Playing With Syntax
Posted on August 19th, 2016.
One of the things I love about Lisp is that it gives you the ability to change and mold the syntax of the language to what you need. In this post I want to look at the evolution of a little macro I've been playing around with for a while now.

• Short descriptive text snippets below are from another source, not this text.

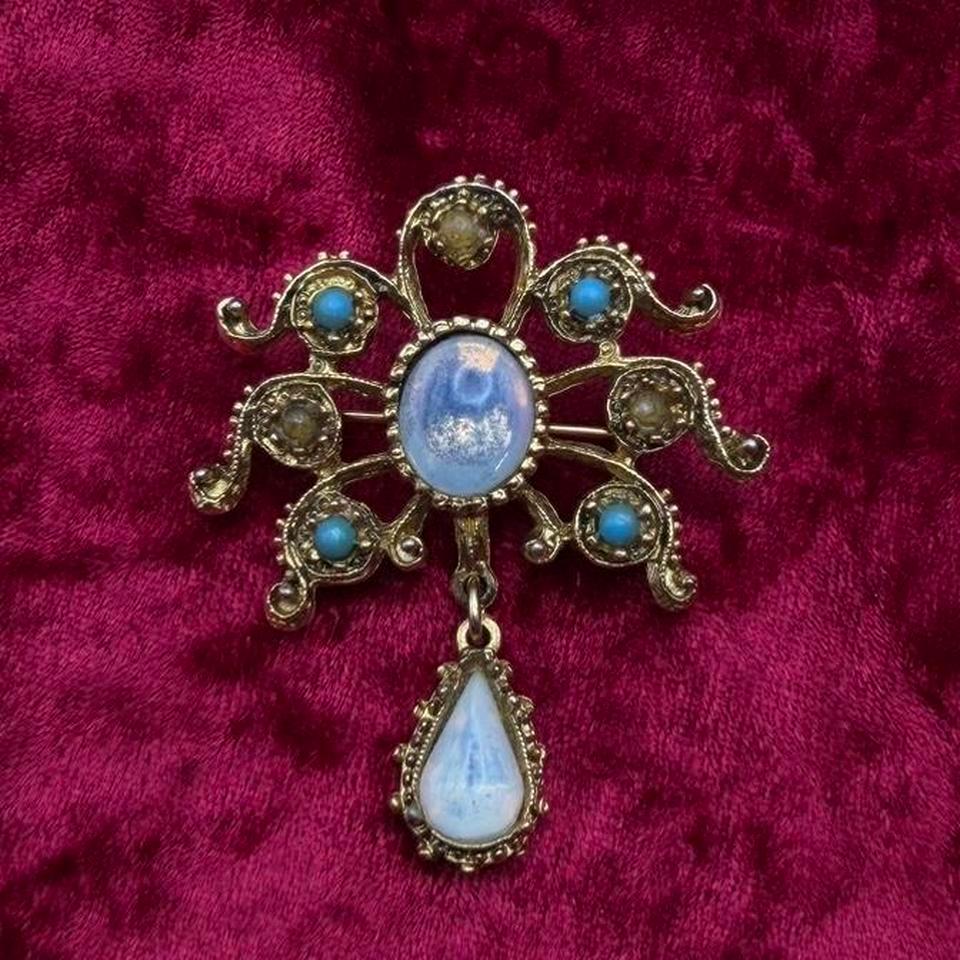 Vintage Gold Tone Ornamental Brooch 4d88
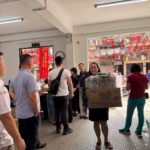 Phường Ba Đình huy động lực lượng lớn tham gia phục vụ nhân dân. Ảnh: TT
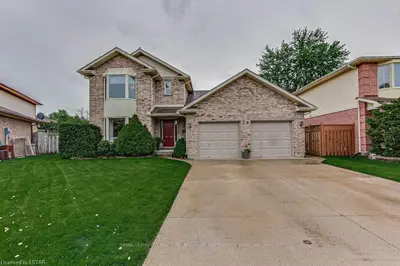 59 SARAH Court, London South, ON N6E 3L4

Mutation is a fundamental concept in most programming languages. Functional
programming may be beautiful, but mutation is still useful (and fast). In most
languages assignment is done with an =
or :=
operator:
x = 10
In Common Lisp the operator is named setf
instead of =
for historical
reasons, and of course it's used in prefix notation:
(setf x 10)
Aside from the prefix ordering, Common Lisp's syntax is already a bit more elegant because you can set arbitrarily many variables without repeating the assignment operator over and over again:
; Have to type out `=` three times
x = 10
y = 20
z = 30
; But only one `setf` required
(setf x 10
y 20
z 30)
setf
assigns values one-by-one, in-order. Common Lisp also has psetf
which
is "parallel setf
". This evaluates all the values first, then sets all the
variables at once:
(let ((a 10) (b 20))
(setf a 50
b (+ 1 a)) ; => (50 51)
(psetf a 90
b (+ 1 a))) ; => (90 52)
Assignment is nice, but often you want to change the value of a variable by taking its current value and computing something with it. If you're making a ball that travels across the screen you might have something like this:
def move_ball(ball, distance):
ball.x = ball.x + distance
(defun move-ball (ball distance)
(setf (slot-value ball 'x)
(+ (slot-value ball 'x)
distance)))
If you find slot-value
too wordy to type, you could make a macro to get rid of
it (and save yourself a quote too). .
is already used for something else so
you'd need to pick a different character:
(defmacro $ (instance slot-symbol)
`(slot-value ,instance ',slot-symbol))
(defun move-ball (ball distance)
(setf ($ ball x)
(+ ($ ball x)
distance)))
In practice, though, you rarely use slot-value
. Instead you usually use
accessor functions:
(defun move-ball (ball distance)
(setf (ball-x ball)
(+ (ball-x ball)
distance)))
Anyway, back to assignment. What we wrote above works, but it's a bit
annoying to have to type the "place" that we're working with twice. To cut down
on this repetition many languages offer operators like +=
and ++
:
x = x + 10
⬇
x += 10
y = y + 1
⬇
y++
Common Lisp's version of these is called incf
.
(incf x 10)
(incf y)
Notice how the s-expression syntax means we can use the same operator for both
of the forms, instead of needing separate +=
and ++
operators.
Other languages often have similar "in-place" operators for other numeric
operations like -=
, --
, *=
, and so on. Common Lisp has decf
for
subtraction, but doesn't have versions for multiplication or division built in.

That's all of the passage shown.